Short descriptive text snippets:

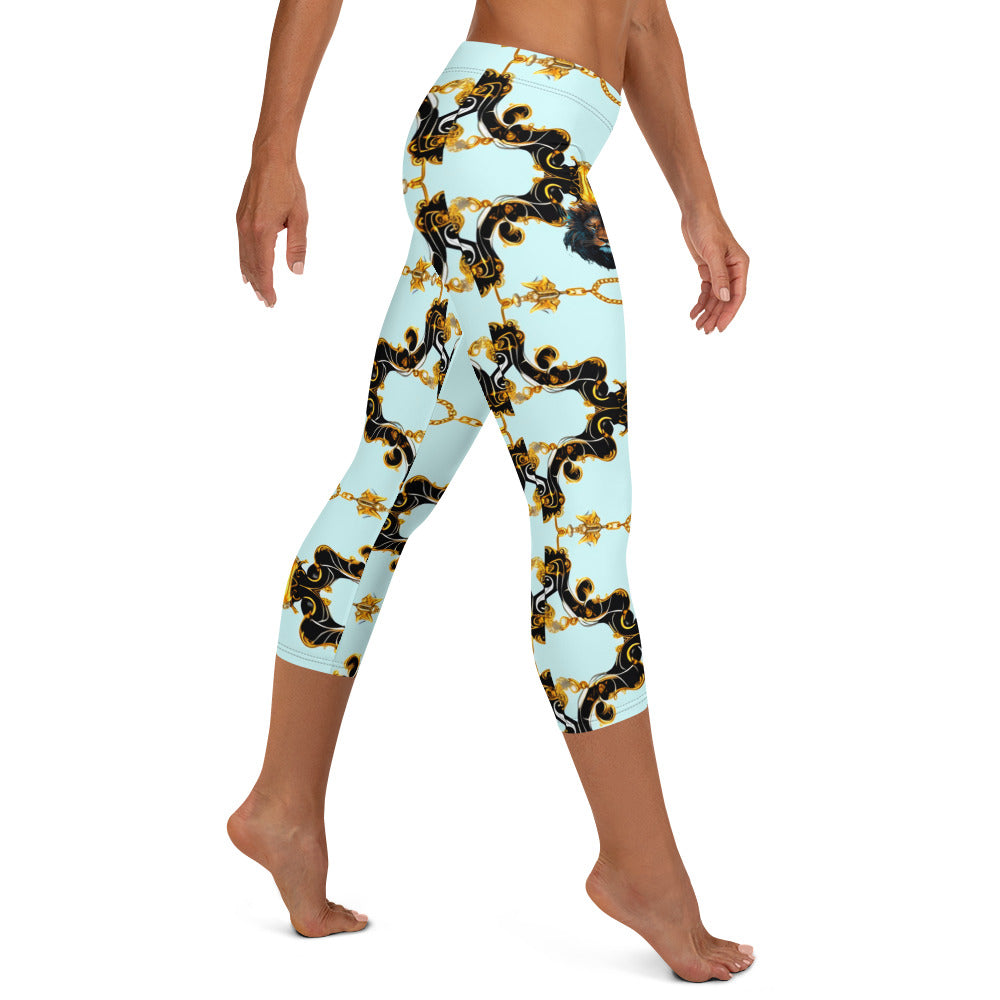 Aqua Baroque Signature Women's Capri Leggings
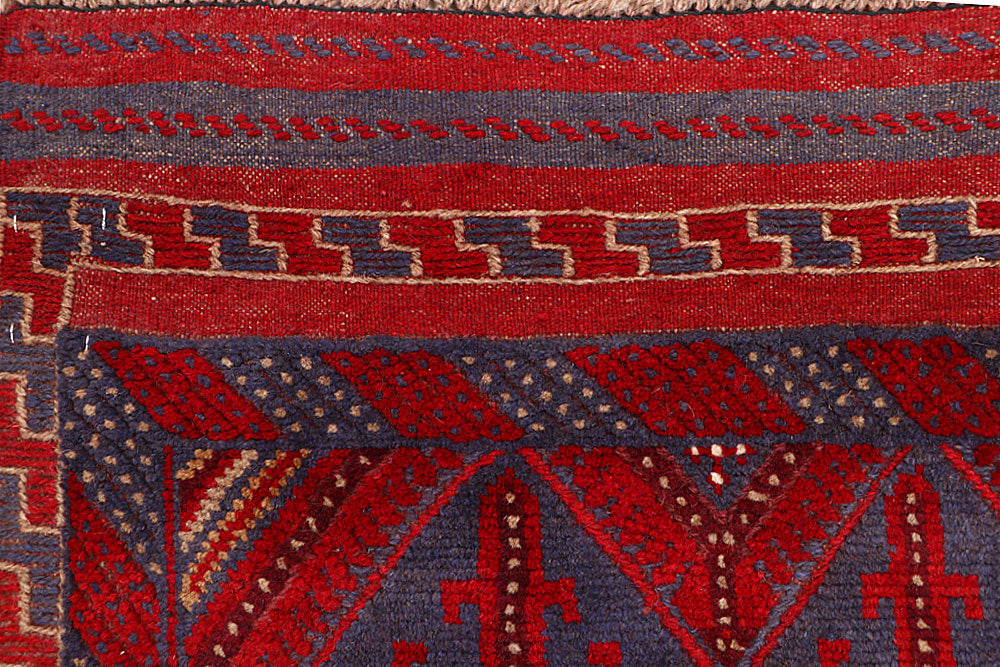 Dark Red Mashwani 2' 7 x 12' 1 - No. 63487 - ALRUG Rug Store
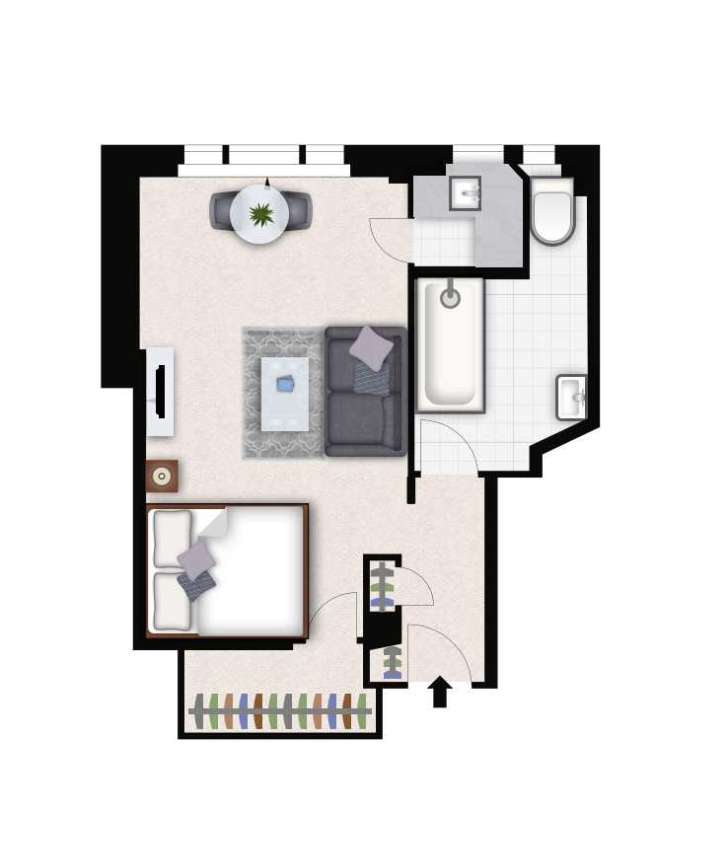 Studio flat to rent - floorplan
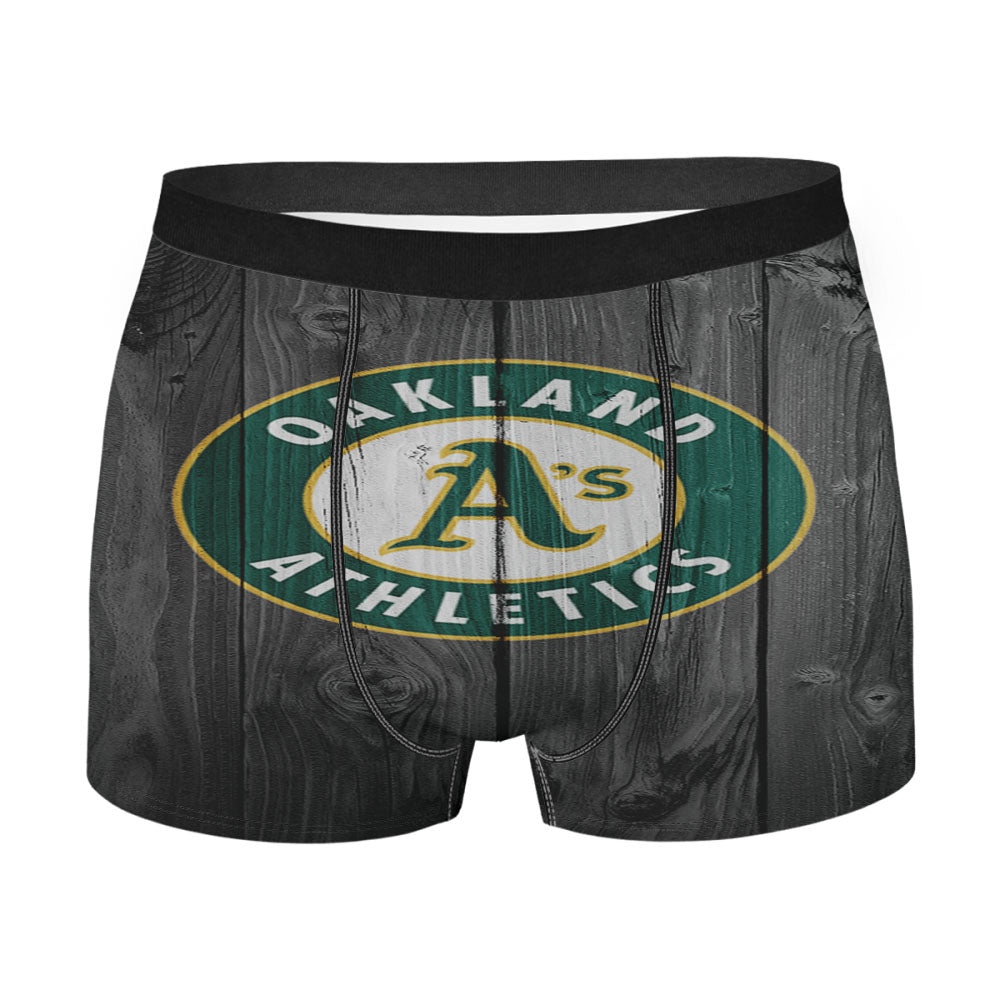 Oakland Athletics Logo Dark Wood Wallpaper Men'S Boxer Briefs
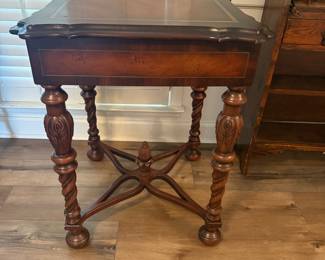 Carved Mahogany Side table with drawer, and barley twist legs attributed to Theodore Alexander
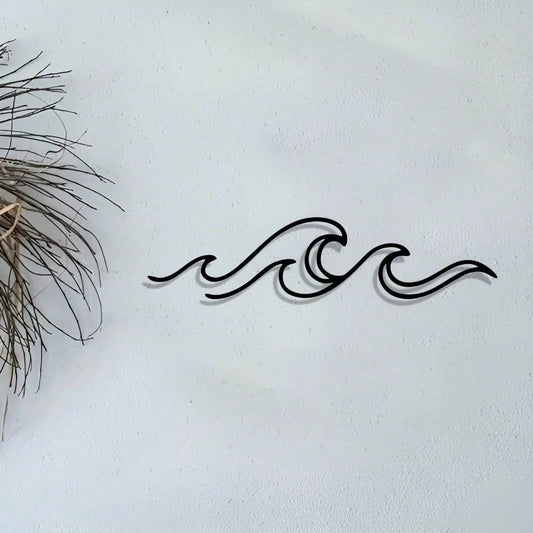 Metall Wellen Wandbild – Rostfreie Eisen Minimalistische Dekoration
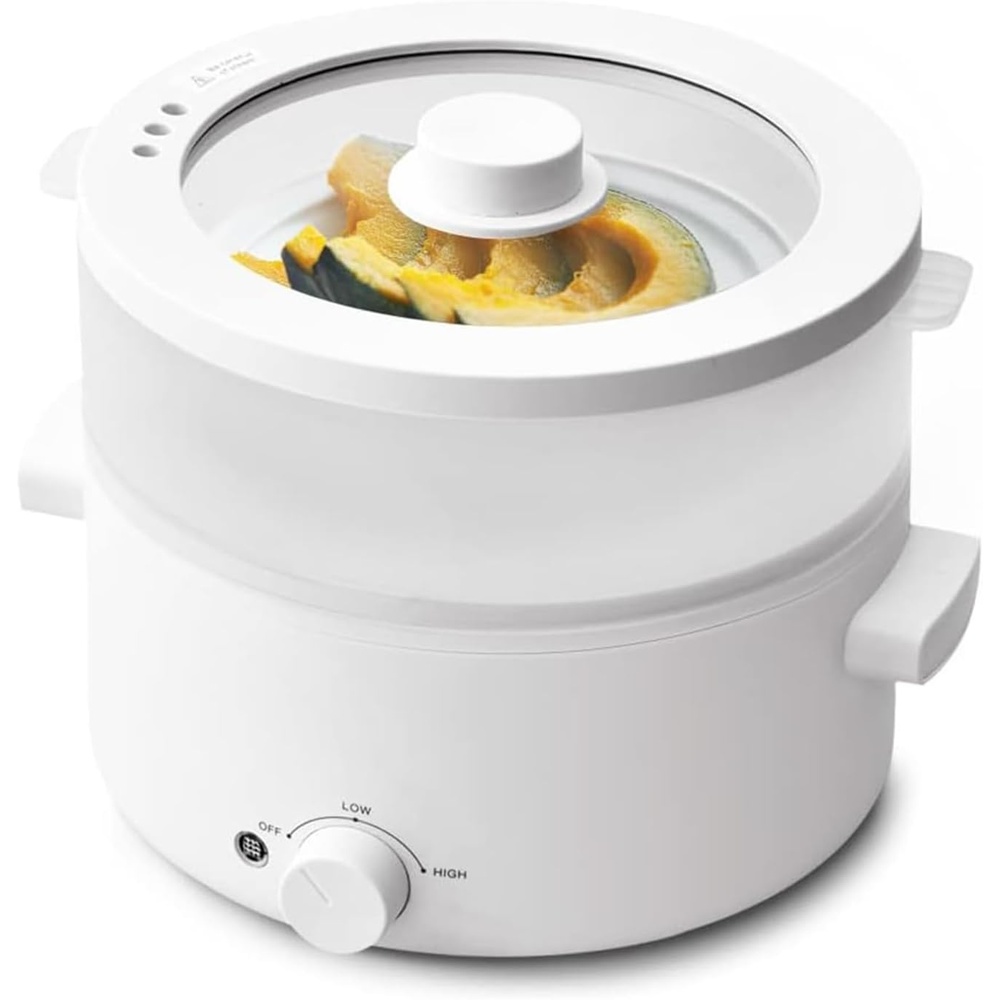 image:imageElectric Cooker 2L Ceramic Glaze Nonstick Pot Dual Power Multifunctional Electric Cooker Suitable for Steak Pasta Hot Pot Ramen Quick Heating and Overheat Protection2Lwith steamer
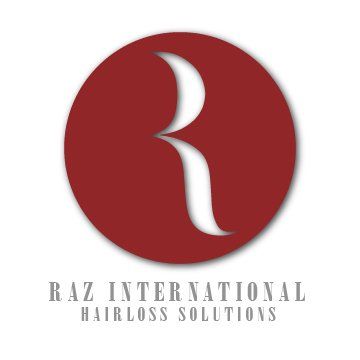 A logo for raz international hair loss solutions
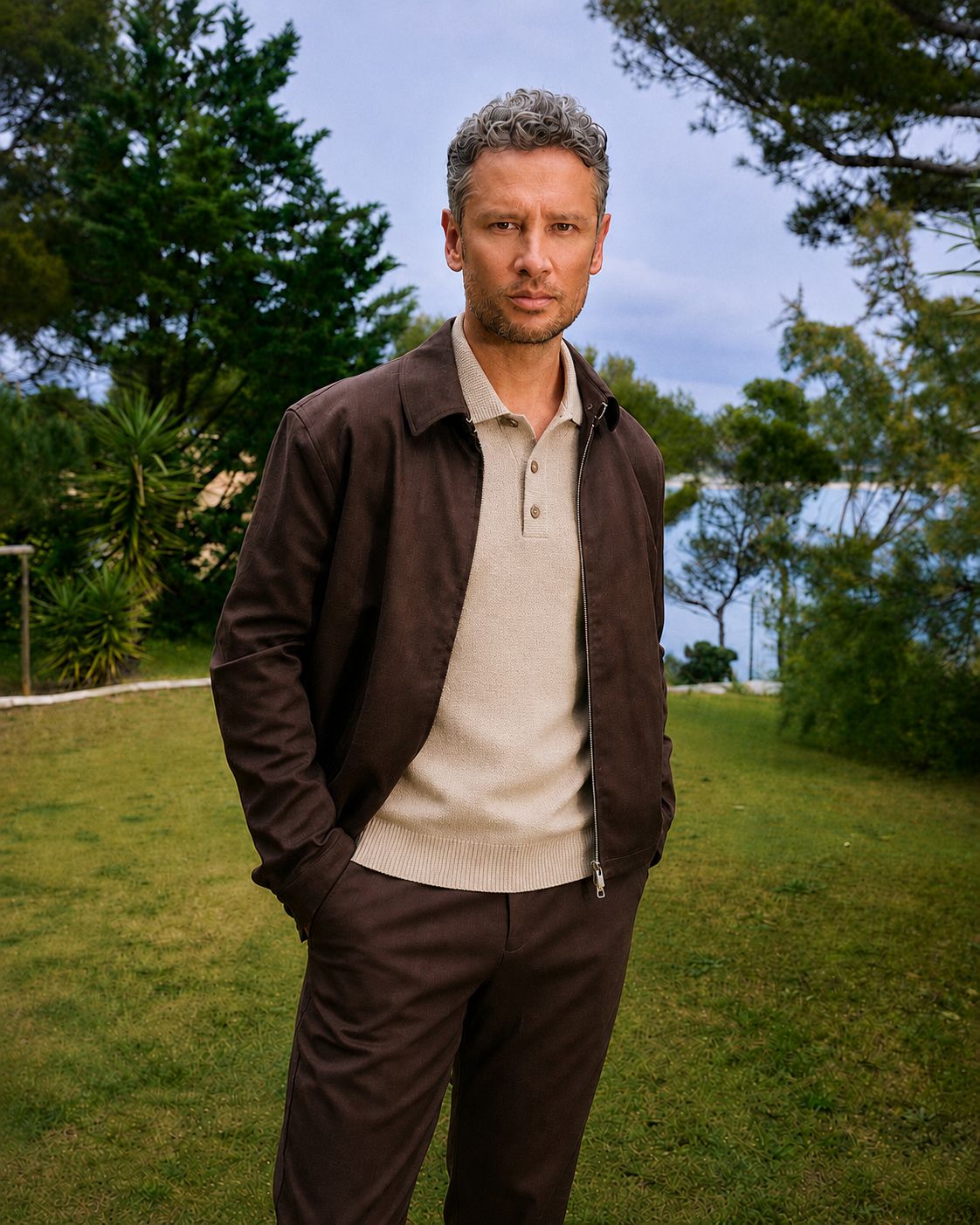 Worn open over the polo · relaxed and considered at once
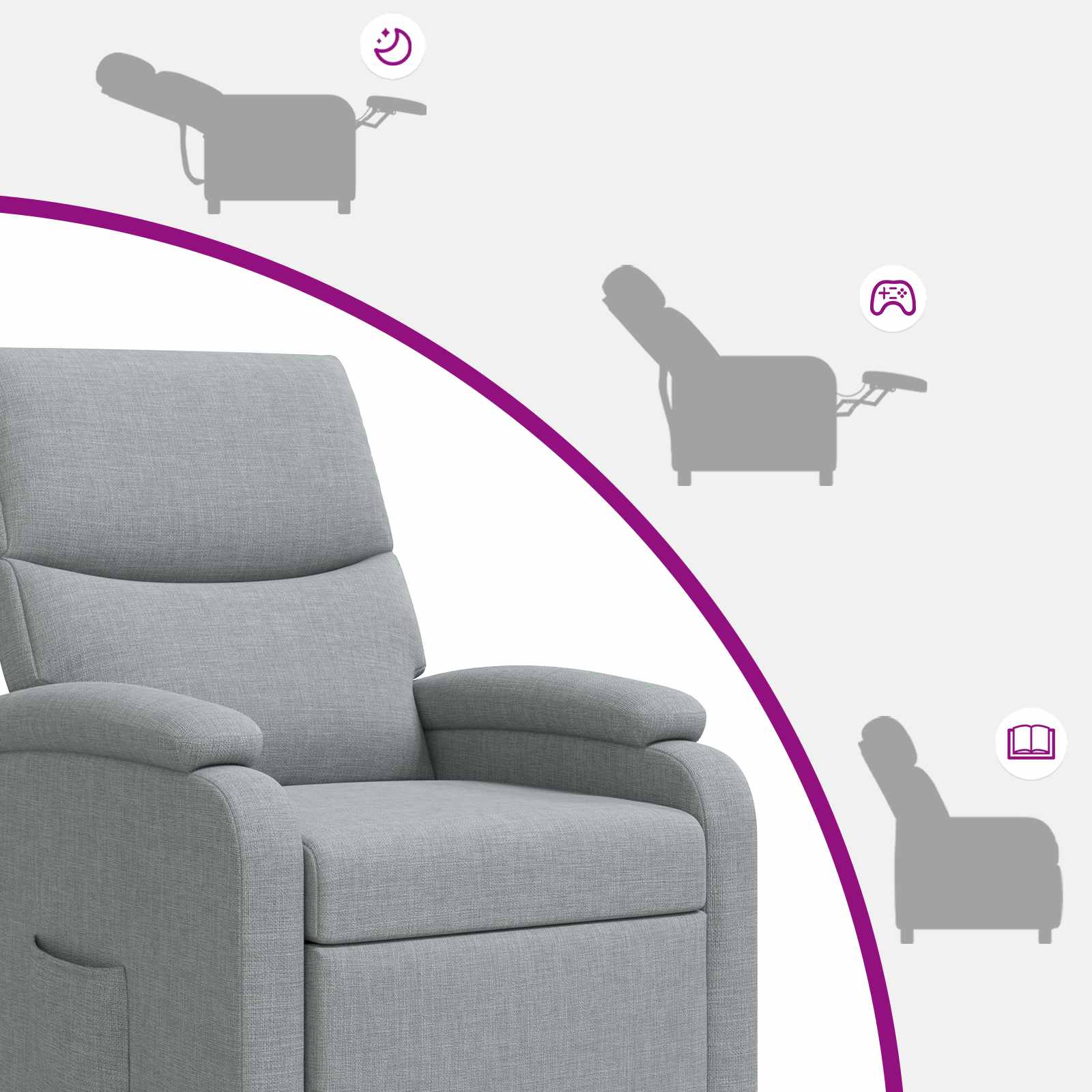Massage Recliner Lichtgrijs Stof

## Task statement:
The lines to copy begin at the one containing "Metall Wellen Wandbild" and end at the last line of the records. Set down exactly those lines and no others, both ends included, and omit all pictures.

## Finished exercise:
 Metall Wellen Wandbild – Rostfreie Eisen Minimalistische Dekoration
 image:imageElectric Cooker 2L Ceramic Glaze Nonstick Pot Dual Power Multifunctional Electric Cooker Suitable for Steak Pasta Hot Pot Ramen Quick Heating and Overheat Protection2Lwith steamer
 A logo for raz international hair loss solutions
 Worn open over the polo · relaxed and considered at once
Massage Recliner Lichtgrijs Stof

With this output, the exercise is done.